Notice that in list above I did not suggest technical changes to the software like “re-architect the code” or “rework the API” or “document more” or “rewrite for common style”. Obviously these are all great things to do prior to open sourcing a project, but they often serve as excuses and delays to getting the code out. In practice, these technical details will be taken care of automatically as soon as you build a healthy community around your project. There is a balance between perfection and getting stuff done. To use a crude analogy that makes our HR department cringe: you can’t be afraid to show your underwear. Open source means revealing more than you may want to; get over it, it’s the nature of the beast and essential to getting the community involved. As counter-intuitive as it may seem, we have found that by embracing imperfection open source communities address deficiencies at a faster rate than most closed systems, resulting in high-quality software.
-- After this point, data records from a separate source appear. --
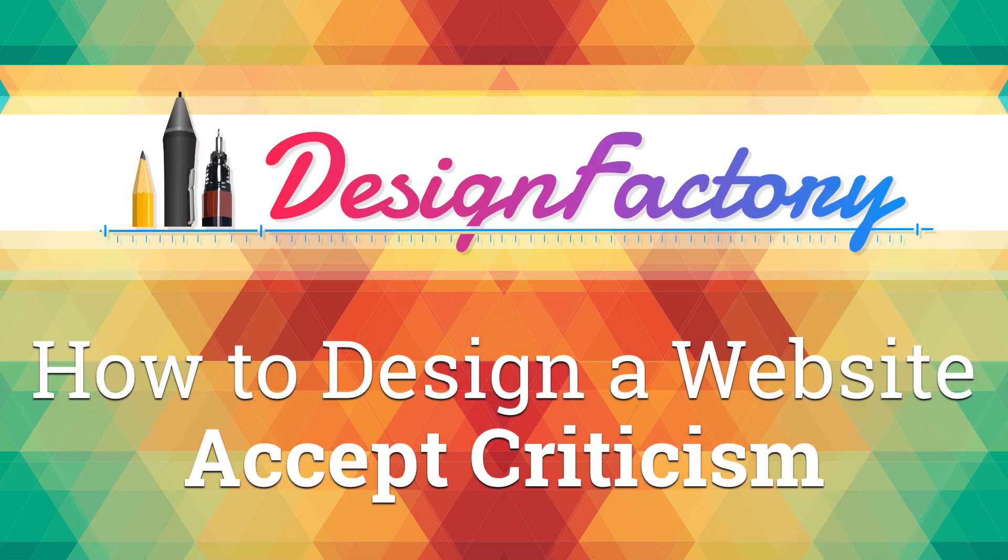Hey what's up guys, Alex here. Thank you for checking this video and welcome to another episode of The Design Factory.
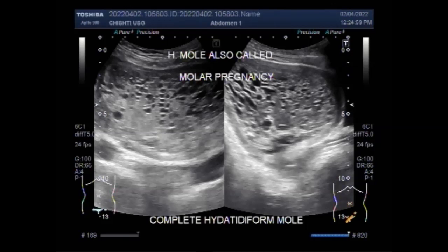There are many risk factors involved with molar pregnancy. You can find them in the description of this video. Thank you.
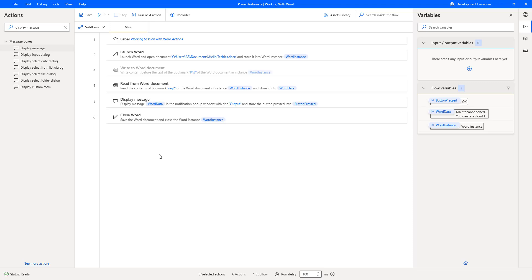I hope you understand how to read the data from the document by using the Retrieve option, such as Whole Document, Pages, and also how to read the data from the bookmark by using the Read from Word Document action as part of this tutorial. Thank you, folks.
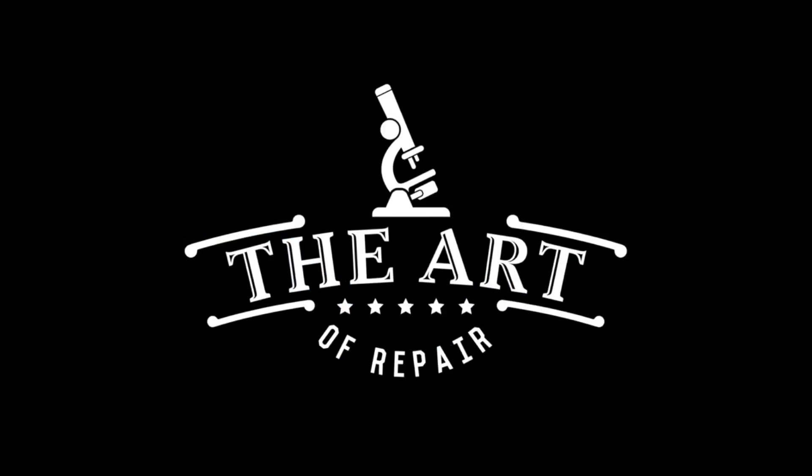Hey, my name's Justin, and this is The Art of Repair. And really, I just want to show you something.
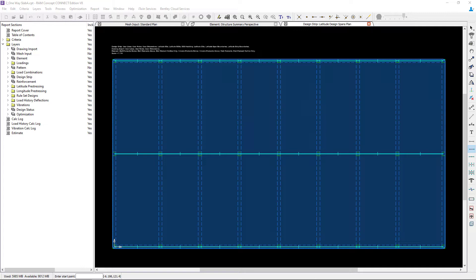Your second option would be to model additional design strips along the beam mid spans. Set your column strip width to full width, and for this approach we are basically manually modeling our middle strips. This option is the one we're going to go with in this particular video.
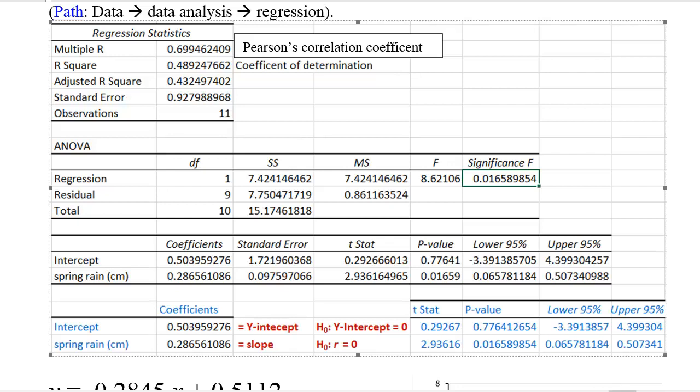The next thing we'd like to talk about is R squared. That is known as the coefficient of determination. That is the proportion of Y variation that is explained by the straight line. So what you do is you take Pearson's correlation coefficient and you square it. So in this example, the coefficient of determination is 0.489, so 48.9% of the Y variation is explained by a straight line.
So get the code out; after all if the code is never released, it’s never open sourced.
Open sourcing an existing code base is a wonderful step to take if done with the community, quality and sustainability in mind. To my way of thinking it’s a great way to help lay the foundation for accelerating computational innovation. And remember, open source is all about collaboration, so if you are uncertain about how to go about it, ask for help and contact Kitware, we are the open source collaboration experts.
I think Gerrit may be worth mentioning in “Establish a software process” section.
Excellent point Yumin! I’ll add it now.
Someone wrote an article about Gerrit and the software process in VTK for the new Source, due out any day now.